▶ _Aim of the exercise_
Nothing outside the lines below from the one containing "Lucemon: Chaos Mode" through the one containing "KETIKOE Men Flip Flops(Tan , 9)" is to be printed; print those exactly, ends included, and drop the pictures.

▶ _Extracted records_

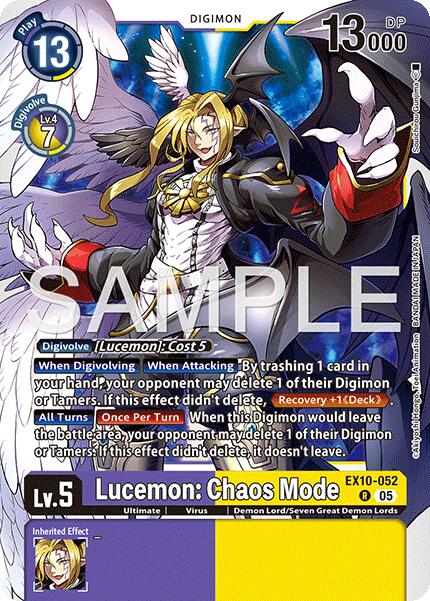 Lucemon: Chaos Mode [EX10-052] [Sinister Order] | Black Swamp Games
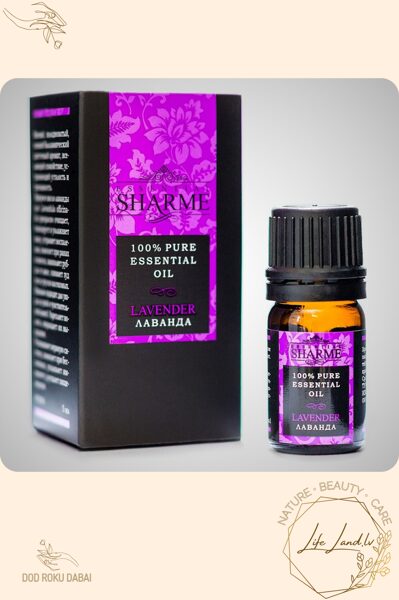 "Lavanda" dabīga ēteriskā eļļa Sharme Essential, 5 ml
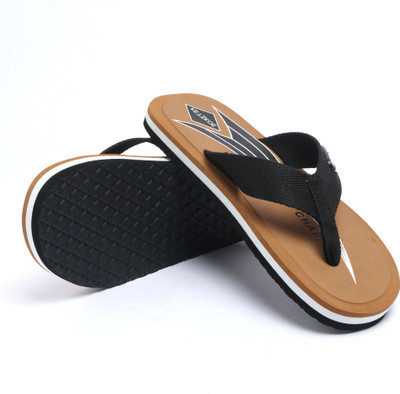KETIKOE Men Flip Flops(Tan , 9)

==

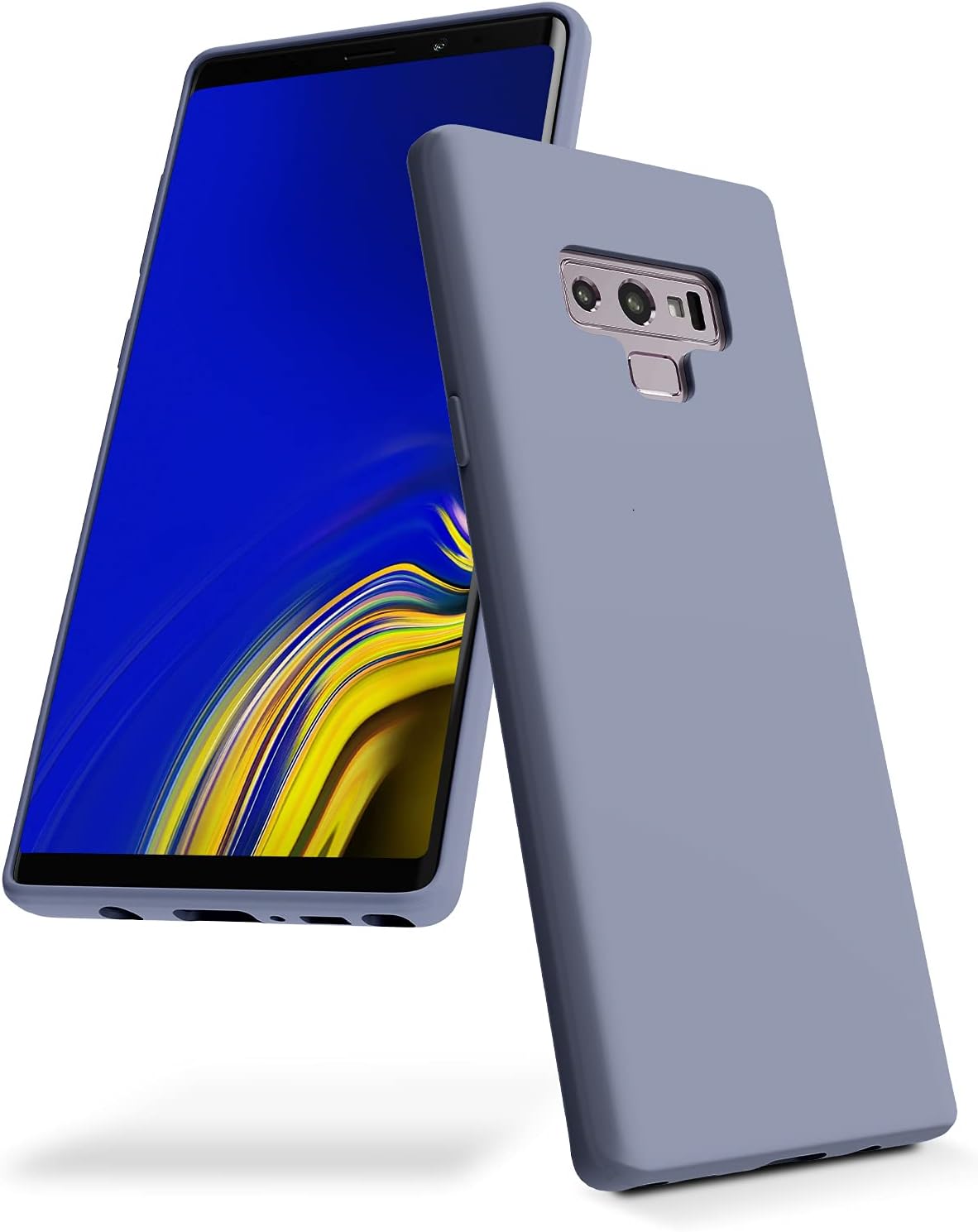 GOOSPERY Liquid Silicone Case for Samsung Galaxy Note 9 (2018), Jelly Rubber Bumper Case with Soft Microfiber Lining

▶ _Response to this exercise_
 Lucemon: Chaos Mode [EX10-052] [Sinister Order] | Black Swamp Games
 "Lavanda" dabīga ēteriskā eļļa Sharme Essential, 5 ml
KETIKOE Men Flip Flops(Tan , 9)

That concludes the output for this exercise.